|
The Hope Diamond dates back to 1642, it is a diamond noted for its remarkable color, size, clarity, beauty, and history. The Hope Diamond is a very brilliant deep blue faceted ovoid diamond that measures 25.60 millimeters by 21.78 millimeters by 12.00 millimeters and weights 45.52 carats. The diamond is set in a pendent in which it is encircled by sixteen white diamonds. The Hope’s color is a combination of blue, caused by boron, as in all blue diamonds, and gray. The depth and intensity of its color and the occasional highlights that flash from its facets are unique. Vivid reds, yellows, and greens can be seen from different angles.
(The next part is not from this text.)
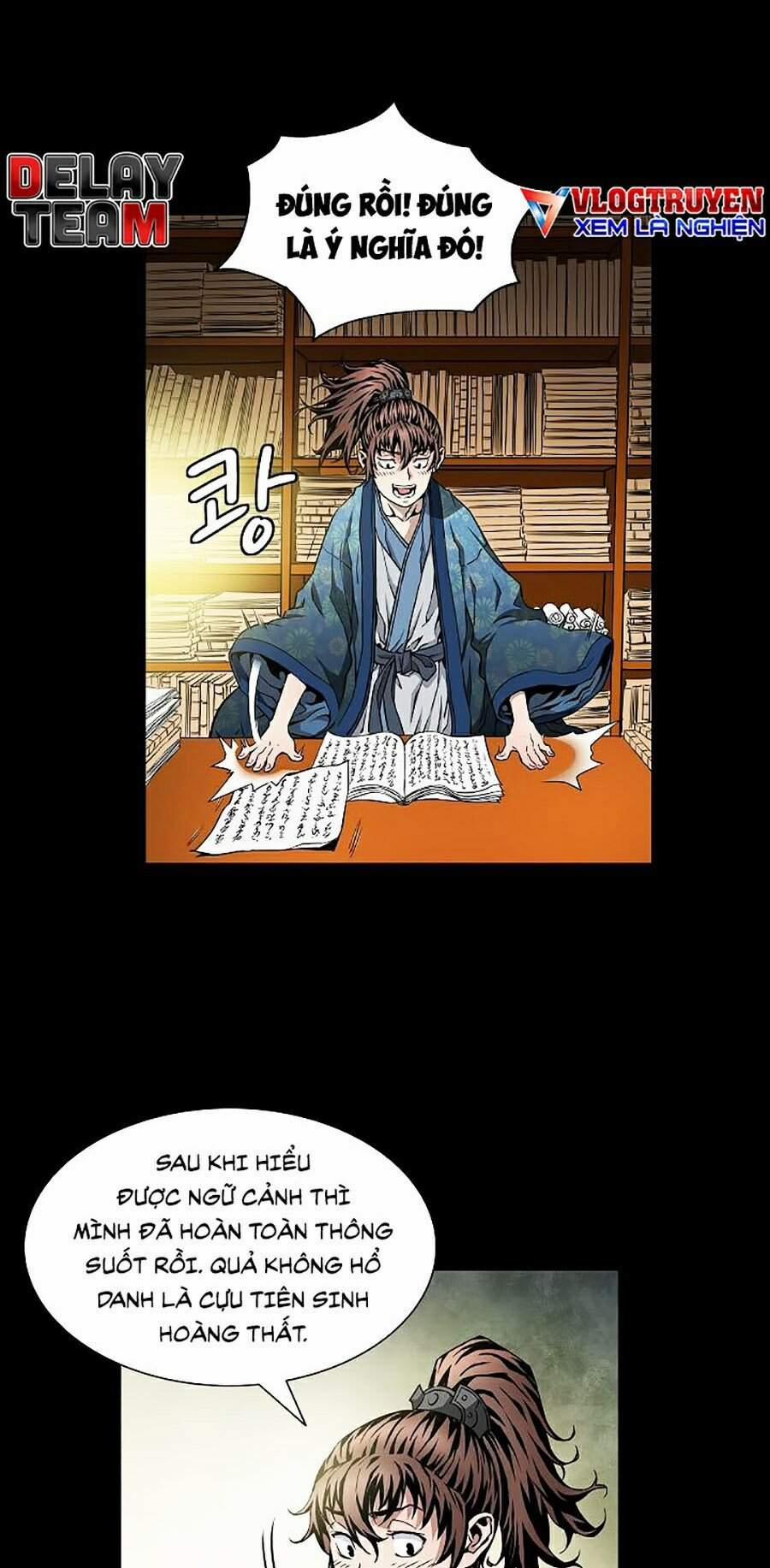 Hoành Tảo Cửu Châu 3 trang 37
Three or four kings owned it. It disappeared from the public eye for twenty years before probably surfacing in an altered form, then returned to obscurity for twenty-seven more years. Its alteration is said to have produced other magnificent stones that may or may not exist today. It is most famous for bringing great misfortune upon whoever owns or wears it.
The story of the “blue” begins in the seventeenth century in India, with Jean-Baptiste Tavernier, a French jewel trader. Tavernier made a half dozen journeys to the Orient during his lifetime. At the end of his second trip to India, he acquired a 112 3/16-carat, rough-cut deep blue diamond that may have come from the nearby Kollur mine in the great diamond market of Golconda, or stolen from an idol of the hindu goddess, Sita. What Tavernier paid or exchanged for the diamond or from whom he purchased it is not known. In his memoirs he wrote of his visits to the diamond mines but never mentioned his commercial transactions. It was the law of the mines that all gems belonged to the Grand Mogul, so Tavernier may have dealt with the ruler himself in acquiring the large stone.
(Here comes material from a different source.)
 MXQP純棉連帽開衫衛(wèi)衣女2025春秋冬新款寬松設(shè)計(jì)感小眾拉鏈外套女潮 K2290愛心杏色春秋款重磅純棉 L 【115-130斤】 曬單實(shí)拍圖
Tavernier’s blue diamond became part of the magnificent French crown jewels in 1668 when King Louis XIV purchased it along with fourteen others shown to him by the trader. This diamond, which became known as the French Blue, was set later by Louis XV’s court jeweler in another of the French crown jewels, the Golden Fleece. During the one hundred twenty years it remained a crown jewel, it passed from Louis XIV to Louis XV, and to Louis XV’s grandson, Louis XVI, who was crowned in 1774 and continued the extravagant ways of his forebears.
During the eighteenth century in France, the peasantry and working class grew restless under the oppressive rule of the monarchy. By 1789 the country under King Louis XVI and his wife, Marie Antoinette went bankrupt and the revolution finally erupted. Mobs stormed the Bastille prison in Paris, poor people around the country invaded the homes of the upper class; men and women attacked the Versailles palace.
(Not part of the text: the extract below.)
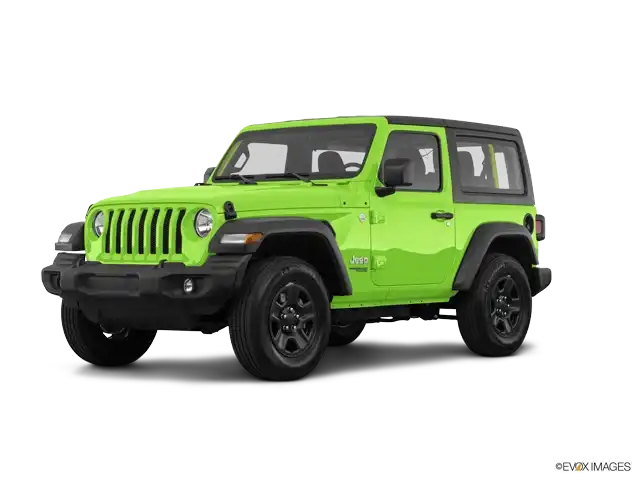 2021 Jeep Wrangler Sport S's photo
Under a new constitution in 1791, the king was granted limited powers. The indignant Louis XVI sought assistance from other European leaders to quash the uprising. In June 1791 the king and Marie Antoinette attempted to flee to Austria where the queen’s brother, Joseph II, was emperor, but they were stopped and returned to Paris. Shortly after, custody of the French crown jewels was returned to the National Assembly. They were stored in Paris in a repository called the Garde Meuble and put on public display.
The Garde Meuble then became the scene of a bizarre spree of burglaries. The repository was usually well guarded or sealed tightly, and on a few evenings in September 1792, when bands of men came to steal it valuable contents, one of the metal bars that were supposed to keep the windows shut was unsecured, granting the men easy access. With that, the French Blue disappeared from history because no blue diamond of its weight and appearance was ever recovered.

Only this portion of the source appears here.